* [ASSIGNED TASK] Transcribe exactly the line in which "d0002143_0273750.jpg" occurs, plus every line that comes after it up to the end of the entries.

(Short descriptive text snippets)

=-=-=-=-=

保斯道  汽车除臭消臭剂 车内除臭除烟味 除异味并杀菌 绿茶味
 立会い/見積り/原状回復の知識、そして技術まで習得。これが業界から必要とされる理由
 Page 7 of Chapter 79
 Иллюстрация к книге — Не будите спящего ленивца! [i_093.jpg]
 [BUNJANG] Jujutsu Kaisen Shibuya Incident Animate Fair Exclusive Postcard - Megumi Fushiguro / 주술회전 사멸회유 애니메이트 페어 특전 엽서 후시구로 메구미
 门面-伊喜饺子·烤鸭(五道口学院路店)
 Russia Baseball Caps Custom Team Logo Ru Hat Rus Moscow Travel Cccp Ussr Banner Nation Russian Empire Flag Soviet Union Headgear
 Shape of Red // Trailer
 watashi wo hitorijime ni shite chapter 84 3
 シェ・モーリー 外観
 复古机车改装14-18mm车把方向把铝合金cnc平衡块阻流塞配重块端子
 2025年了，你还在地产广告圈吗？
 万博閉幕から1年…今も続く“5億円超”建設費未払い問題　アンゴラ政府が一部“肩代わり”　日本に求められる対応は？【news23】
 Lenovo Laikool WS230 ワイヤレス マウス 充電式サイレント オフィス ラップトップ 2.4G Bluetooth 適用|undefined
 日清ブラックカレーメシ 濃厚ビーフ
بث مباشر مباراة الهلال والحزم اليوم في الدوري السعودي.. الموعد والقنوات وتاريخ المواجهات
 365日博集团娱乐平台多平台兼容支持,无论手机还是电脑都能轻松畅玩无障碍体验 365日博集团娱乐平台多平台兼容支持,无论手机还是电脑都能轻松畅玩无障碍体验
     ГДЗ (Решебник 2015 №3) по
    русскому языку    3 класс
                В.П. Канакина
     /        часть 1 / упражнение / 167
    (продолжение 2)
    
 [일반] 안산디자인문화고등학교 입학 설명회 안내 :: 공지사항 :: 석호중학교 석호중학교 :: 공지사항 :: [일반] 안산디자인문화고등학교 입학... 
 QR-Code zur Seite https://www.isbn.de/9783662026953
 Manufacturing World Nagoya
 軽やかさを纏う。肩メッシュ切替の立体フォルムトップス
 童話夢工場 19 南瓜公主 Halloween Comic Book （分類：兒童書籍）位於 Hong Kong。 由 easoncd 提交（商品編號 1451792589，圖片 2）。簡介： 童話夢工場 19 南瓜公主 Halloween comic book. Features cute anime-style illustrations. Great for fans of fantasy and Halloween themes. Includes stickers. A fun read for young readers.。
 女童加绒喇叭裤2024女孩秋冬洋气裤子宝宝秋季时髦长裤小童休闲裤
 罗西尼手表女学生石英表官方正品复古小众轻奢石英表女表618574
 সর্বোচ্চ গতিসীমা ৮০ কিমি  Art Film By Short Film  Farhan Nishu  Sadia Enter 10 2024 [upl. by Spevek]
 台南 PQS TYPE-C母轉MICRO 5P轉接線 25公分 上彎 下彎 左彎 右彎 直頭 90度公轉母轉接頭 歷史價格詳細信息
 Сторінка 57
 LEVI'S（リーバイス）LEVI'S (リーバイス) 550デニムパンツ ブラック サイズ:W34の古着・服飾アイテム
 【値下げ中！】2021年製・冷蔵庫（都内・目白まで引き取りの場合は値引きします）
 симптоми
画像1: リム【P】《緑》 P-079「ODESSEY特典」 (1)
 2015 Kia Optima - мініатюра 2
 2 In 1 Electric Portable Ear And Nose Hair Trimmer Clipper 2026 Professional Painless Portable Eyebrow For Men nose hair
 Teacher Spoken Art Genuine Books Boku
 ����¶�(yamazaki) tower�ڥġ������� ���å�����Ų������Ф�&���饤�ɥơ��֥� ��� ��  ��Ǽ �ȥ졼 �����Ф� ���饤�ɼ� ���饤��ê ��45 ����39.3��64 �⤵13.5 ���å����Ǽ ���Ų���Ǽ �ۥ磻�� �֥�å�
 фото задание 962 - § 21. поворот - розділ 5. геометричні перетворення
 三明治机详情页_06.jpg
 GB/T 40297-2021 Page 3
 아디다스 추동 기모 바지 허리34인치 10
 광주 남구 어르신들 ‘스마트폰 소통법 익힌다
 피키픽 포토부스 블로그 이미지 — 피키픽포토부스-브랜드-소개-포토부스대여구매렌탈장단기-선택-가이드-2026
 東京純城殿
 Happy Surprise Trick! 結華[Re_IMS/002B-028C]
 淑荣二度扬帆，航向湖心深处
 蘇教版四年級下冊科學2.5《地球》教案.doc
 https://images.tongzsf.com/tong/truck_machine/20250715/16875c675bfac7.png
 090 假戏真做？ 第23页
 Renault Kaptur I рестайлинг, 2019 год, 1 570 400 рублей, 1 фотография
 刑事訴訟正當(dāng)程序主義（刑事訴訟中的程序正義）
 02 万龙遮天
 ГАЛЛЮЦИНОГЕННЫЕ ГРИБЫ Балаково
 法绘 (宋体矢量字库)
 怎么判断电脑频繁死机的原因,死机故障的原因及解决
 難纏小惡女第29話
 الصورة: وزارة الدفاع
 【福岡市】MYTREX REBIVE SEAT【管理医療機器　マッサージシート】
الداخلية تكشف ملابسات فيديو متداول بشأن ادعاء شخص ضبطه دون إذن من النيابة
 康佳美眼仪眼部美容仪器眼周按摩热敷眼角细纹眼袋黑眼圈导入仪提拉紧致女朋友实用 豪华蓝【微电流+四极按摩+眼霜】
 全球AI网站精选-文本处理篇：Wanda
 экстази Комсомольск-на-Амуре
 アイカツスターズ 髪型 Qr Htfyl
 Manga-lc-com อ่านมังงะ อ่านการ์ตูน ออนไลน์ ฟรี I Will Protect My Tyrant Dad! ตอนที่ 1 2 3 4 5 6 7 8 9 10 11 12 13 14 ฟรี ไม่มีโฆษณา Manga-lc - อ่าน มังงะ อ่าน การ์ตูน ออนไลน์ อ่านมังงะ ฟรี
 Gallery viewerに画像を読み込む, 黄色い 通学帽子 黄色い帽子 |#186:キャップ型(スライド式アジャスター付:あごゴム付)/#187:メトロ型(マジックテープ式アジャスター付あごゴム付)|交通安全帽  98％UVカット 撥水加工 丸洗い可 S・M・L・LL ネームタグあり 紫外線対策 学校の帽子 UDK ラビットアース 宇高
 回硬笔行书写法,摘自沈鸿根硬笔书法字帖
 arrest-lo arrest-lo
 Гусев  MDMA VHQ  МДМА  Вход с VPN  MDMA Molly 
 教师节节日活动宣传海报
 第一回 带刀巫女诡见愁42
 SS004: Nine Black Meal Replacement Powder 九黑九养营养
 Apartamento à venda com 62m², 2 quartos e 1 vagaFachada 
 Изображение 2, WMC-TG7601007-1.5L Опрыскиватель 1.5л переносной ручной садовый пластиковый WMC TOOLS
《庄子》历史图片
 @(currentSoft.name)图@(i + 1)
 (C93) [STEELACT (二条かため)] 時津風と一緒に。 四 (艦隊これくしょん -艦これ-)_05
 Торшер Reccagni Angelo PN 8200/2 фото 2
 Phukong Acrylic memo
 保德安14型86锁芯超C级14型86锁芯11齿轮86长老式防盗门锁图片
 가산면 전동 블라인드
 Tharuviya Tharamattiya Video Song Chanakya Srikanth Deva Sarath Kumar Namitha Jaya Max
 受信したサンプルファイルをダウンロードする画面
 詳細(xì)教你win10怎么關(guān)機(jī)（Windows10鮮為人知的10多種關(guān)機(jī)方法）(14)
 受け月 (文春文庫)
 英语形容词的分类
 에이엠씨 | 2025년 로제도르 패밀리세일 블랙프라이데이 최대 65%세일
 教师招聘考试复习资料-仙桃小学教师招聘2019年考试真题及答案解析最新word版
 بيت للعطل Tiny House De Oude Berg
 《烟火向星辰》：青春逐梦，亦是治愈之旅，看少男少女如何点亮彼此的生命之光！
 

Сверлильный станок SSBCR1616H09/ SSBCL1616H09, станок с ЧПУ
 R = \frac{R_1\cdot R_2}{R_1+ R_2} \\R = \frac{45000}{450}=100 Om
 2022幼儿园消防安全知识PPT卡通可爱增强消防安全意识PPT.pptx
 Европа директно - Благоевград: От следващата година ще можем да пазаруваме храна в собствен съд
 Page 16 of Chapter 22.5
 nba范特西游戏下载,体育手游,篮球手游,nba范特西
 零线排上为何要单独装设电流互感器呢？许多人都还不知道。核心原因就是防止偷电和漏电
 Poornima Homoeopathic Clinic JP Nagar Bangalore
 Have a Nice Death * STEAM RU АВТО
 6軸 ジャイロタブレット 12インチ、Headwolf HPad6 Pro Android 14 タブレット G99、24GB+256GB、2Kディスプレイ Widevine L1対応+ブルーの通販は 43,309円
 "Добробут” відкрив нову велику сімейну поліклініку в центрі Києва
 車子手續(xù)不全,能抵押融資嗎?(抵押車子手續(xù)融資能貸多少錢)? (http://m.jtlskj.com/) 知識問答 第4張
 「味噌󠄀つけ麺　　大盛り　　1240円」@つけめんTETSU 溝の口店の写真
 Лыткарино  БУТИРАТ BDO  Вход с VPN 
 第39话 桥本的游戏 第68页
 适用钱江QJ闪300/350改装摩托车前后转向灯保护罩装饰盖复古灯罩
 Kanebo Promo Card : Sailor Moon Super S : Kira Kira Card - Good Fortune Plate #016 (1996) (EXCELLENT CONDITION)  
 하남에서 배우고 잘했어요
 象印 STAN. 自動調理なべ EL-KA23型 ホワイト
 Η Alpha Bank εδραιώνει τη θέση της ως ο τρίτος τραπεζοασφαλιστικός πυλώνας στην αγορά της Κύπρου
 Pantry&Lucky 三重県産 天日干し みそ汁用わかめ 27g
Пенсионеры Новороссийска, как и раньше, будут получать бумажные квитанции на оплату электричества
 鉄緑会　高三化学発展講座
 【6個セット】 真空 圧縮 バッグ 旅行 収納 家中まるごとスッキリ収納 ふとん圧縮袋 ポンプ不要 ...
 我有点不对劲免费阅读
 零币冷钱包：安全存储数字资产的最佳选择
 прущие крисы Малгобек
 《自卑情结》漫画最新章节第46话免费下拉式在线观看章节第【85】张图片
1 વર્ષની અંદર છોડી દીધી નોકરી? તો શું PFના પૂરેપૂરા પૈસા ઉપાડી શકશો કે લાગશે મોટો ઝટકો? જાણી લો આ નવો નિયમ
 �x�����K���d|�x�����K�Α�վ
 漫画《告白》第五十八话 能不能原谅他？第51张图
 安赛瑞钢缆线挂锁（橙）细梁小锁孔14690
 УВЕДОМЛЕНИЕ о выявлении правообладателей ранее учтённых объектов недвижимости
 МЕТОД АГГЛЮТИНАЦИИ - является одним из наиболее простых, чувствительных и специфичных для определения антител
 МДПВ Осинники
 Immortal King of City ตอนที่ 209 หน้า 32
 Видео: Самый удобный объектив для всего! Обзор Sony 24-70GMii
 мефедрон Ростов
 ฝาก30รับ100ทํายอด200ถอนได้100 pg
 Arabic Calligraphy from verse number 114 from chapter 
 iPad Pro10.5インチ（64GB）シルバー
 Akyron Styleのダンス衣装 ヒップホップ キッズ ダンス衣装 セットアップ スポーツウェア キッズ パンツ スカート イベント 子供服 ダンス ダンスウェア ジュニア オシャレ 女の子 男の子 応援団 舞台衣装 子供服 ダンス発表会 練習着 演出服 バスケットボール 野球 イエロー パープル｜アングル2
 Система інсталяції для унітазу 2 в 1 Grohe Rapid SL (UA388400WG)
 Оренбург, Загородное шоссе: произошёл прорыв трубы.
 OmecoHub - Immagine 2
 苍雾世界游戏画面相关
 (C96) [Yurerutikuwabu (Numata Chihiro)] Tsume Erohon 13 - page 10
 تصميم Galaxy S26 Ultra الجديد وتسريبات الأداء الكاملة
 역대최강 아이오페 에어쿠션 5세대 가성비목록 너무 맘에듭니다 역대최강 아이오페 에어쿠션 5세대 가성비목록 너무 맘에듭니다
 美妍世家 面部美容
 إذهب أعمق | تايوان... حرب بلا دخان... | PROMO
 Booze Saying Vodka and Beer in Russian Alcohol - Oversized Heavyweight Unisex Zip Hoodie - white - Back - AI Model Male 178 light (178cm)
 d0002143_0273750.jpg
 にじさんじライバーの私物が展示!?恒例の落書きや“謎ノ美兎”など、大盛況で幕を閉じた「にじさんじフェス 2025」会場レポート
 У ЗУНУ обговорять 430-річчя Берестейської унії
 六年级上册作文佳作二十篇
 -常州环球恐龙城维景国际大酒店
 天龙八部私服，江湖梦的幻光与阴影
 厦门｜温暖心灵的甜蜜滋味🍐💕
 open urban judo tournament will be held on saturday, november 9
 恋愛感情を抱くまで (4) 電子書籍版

=-=-=-=-=

* [COMPLETED EXERCISE]
 d0002143_0273750.jpg
 にじさんじライバーの私物が展示!?恒例の落書きや“謎ノ美兎”など、大盛況で幕を閉じた「にじさんじフェス 2025」会場レポート
 У ЗУНУ обговорять 430-річчя Берестейської унії
 六年级上册作文佳作二十篇
 -常州环球恐龙城维景国际大酒店
 天龙八部私服，江湖梦的幻光与阴影
 厦门｜温暖心灵的甜蜜滋味🍐💕
 open urban judo tournament will be held on saturday, november 9
 恋愛感情を抱くまで (4) 電子書籍版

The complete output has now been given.